I now work as an Agile Business Analyst and I am currently available for hire.
I offer special rates for political parties. Market forces may apply.



Talking to People IRL

I don’t know what I was thinking, but a few months ago I VOLUNTEERED to give a talk; in a room, with an audience of 50 people, all looking at my face. In theory, that should be fine. Put someone else in the metaphorical spot-light and I’ll happily ask them questions or debate with them about what they’ve said. I run workshops with a simple structure and a lot of ‘make it up on the fly’ in my work as a business analyst. I can do that, so I know that my dislike for ‘making presentations’ is completely irrational. Sadly, that doesn’t help.
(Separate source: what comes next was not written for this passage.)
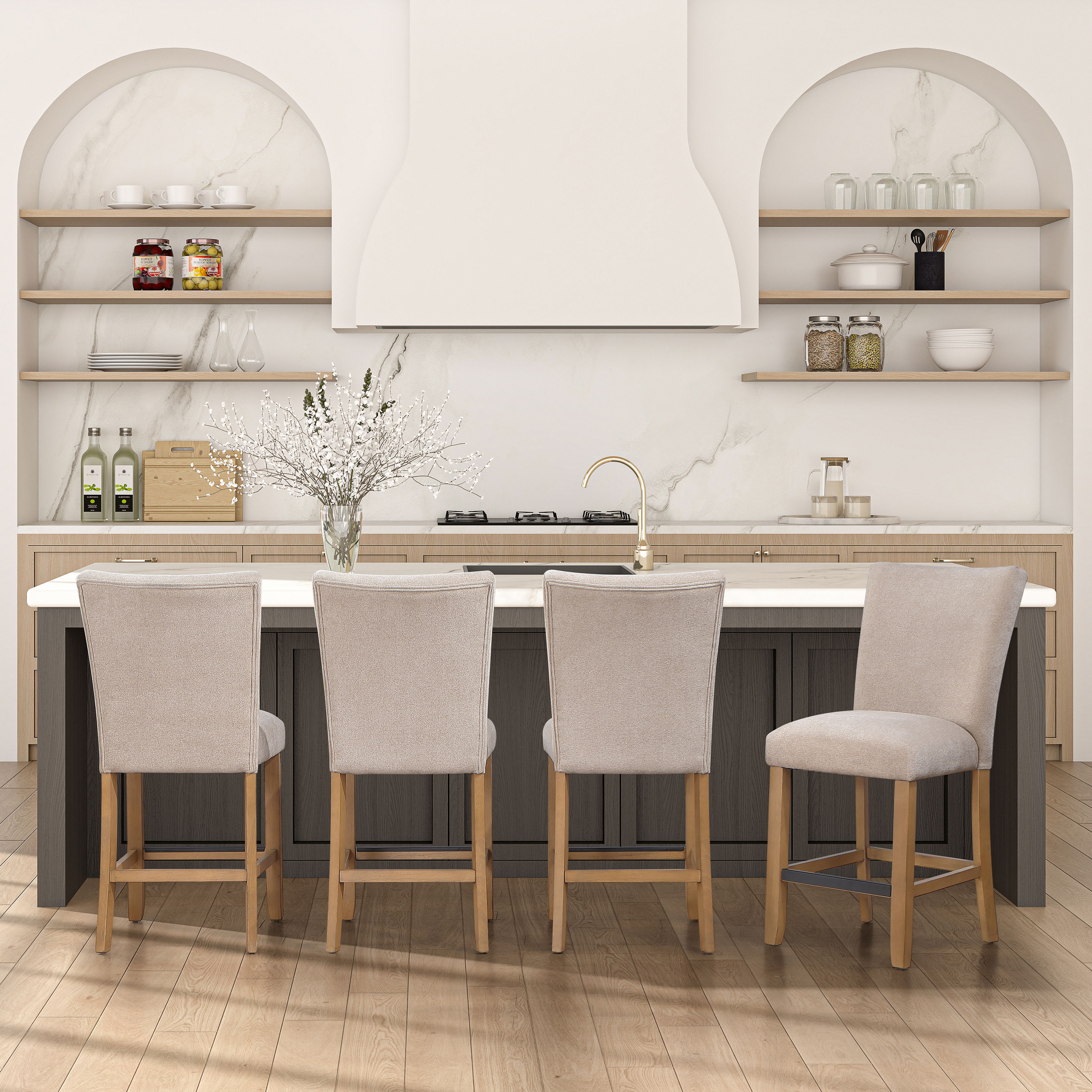 Artemis - Chenille Counter Chair - Beige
Last Thursday, I faced my fear in the friendly environment of Web Staffordshire Meetup. I had my slides about ‘Fixing Intertwingularity’ to flick through, printed notes made of mind-maps, with a few red scribbles on them to guide me, based on my timed practice runs at home. I knew that if I stuck to the script, I could fit the content into my 15 minute slot, with a minute to spare.

I wasn’t nervous before I went up. When I was introduced, my ‘spontaneous’ quip about it being “a big crowd for a philosophy gig” went down well. I’m not sure what happened to the second half of that joke, or indeed to about a third of the first page of notes, carefully crafted to set my book as the context of where the weird ideas came from. I’d decided on a character I was going to play, to give myself a virtual cloak to hide in. He was running for the door at this point. From there on, I stuck to the script. Apart from stumbling over a few words I’d normally be fine with, and not being able to read some of my notes, I don’t think the rest sucked too badly.
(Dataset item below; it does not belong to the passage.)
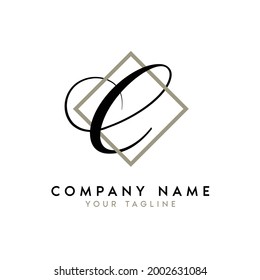 Letter C Logo Script in Diamond Frame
I think I understand the problem now – it’s trying to do All The Things at once. I’ve already had the ideas and built a framework to constrain my words to a path heading in the right direction but with the added adrenalin, new words arrive uninvited when there’s nowhere to fit them in. I need to act as doorman to interruptions from my subconscious, deliver the talk, keep my place, look ahead to what’s coming next, make eye contact with the audience and remember when to change to the next slide. I can’t do that. I also need to not deliver a live commentary on what is going wrong.

Afterwards, I had some great chats with people who had found the subject “thought provoking” and I think I presented other ideas more lucidly. Maybe I need a shorter path with more gaps in the fence, so I can run free. I’ve put my career as a standup comedian on hold for now.


Loose-Leaf Thinkmanship

Armed with the knowledge that I have foolishly volunteered to give a talk about Intertwingularity to the good people of ‘Web Staffordshire’, which needs to be condensed into a 10 minute slot in serialised space-time, I thought I’d start work 2 weeks earlier than normal. Being brief takes longer.

I read a sentence, “Hierarchical and sequential structures, especially popular since Gutenberg, are usually forced and artificial” in my notes, for the nth time, where n is not an especially small number. Gutenberg, printing, books? Why hadn’t I noticed this before? (I can answer that: I was thinking about what information ‘sequence’ is last night. I had to do that before I could see this. The order in which ideas are presented matters a great deal. I had nowhere to hang the new idea until I had constructed the hook labelled “sequence/serialise/order/sort”.)

My mental model of books has previously been pseudo-infinite rolls of paper, like long web pages, chopped up at appropriate page boundaries to fit between book bindings, but I should have KNOWN that isn’t right. Shakespeare’s ‘Folio’ was a collection of earlier, shorter documents. Medieval scribes wrote important works on vellum and calves don’t come in ‘Size Infinite’. I have never held a real scroll. I don’t know how to operate one.

Was there an index in the jars which contained the Dead Sea Scrolls? Has Mr. ‘hypertext’ Nelson been telling me all along that hierarchy came in with the printing press, as a way to manage text ‘at scale’, like an army, and I’ve been ignoring him? Imagine these fixed-leaf binders defining and thereby constraining ‘correct-sequence’ of text-chunks that were once free to wander?